The museum is due to open in 2012 for the 100th anniversary of the Titanic's ill-fated voyage from the city.
The plan for the disused magistrates' court was approved on Monday.
A Grade II listed building will also house the Titanic collection when it is transformed into the Southampton Sea City Museum.
Situated in the city's "cultural quarter", it will house two permanent galleries.
Conflict of interest
Councillor John Hannides, Southampton's cabinet member for leisure, culture and heritage, told BBC News: "The city council will have a look right across its portfolio of assets to see what can be used to support the project.
"There are no plans to raise council tax or anything of that nature.
"This is about raising the funds from capital receipts."

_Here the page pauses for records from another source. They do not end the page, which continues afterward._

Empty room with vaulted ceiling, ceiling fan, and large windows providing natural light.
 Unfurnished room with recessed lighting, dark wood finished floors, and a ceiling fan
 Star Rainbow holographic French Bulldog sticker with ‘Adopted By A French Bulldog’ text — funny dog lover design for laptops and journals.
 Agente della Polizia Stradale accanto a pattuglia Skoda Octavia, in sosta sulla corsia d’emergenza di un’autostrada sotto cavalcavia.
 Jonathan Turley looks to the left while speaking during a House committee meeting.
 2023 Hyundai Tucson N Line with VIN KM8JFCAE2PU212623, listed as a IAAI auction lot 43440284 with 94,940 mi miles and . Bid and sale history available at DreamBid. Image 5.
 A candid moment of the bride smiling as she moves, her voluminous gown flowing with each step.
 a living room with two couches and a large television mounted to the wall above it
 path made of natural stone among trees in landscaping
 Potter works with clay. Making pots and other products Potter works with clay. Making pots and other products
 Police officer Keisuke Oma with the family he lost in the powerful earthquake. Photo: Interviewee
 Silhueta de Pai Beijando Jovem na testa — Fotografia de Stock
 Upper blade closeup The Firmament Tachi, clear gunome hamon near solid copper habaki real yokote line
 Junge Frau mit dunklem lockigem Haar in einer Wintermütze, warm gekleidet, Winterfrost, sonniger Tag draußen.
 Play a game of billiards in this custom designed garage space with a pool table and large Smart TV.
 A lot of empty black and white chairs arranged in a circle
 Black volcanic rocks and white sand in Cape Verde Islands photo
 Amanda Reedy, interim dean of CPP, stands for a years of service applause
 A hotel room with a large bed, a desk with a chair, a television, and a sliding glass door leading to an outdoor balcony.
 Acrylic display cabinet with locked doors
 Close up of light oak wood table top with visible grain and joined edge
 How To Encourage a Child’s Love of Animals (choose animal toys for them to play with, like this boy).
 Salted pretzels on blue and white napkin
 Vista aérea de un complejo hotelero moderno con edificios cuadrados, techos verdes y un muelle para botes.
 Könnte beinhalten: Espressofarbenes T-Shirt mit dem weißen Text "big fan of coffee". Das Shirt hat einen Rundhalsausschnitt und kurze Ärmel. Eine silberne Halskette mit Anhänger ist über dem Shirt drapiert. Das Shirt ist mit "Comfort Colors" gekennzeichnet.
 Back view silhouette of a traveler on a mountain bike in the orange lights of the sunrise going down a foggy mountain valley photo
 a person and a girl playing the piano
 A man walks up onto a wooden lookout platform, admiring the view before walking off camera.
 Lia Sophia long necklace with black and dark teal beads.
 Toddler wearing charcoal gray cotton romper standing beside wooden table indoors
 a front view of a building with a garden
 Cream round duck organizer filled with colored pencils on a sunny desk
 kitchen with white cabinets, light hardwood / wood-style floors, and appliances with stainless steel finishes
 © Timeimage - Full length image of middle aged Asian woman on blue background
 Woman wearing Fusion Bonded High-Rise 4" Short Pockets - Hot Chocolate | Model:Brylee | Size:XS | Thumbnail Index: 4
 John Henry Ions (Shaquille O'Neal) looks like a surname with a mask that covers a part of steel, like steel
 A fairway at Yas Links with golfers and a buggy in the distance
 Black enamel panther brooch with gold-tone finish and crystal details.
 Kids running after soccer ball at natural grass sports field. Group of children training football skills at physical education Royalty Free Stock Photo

A spokesman for the council said £5m would be fund-raised and £5m would be from selling off assets.
The city council was criticised by the Charity Commission over its plan to sell off art works by French sculptor Auguste Rodin and British painter Sir Alfred Munnings.
The commission noted the council's conflict of interest as trustees of the work and the decision-making authority.
The Southampton art collection is valued at £180m.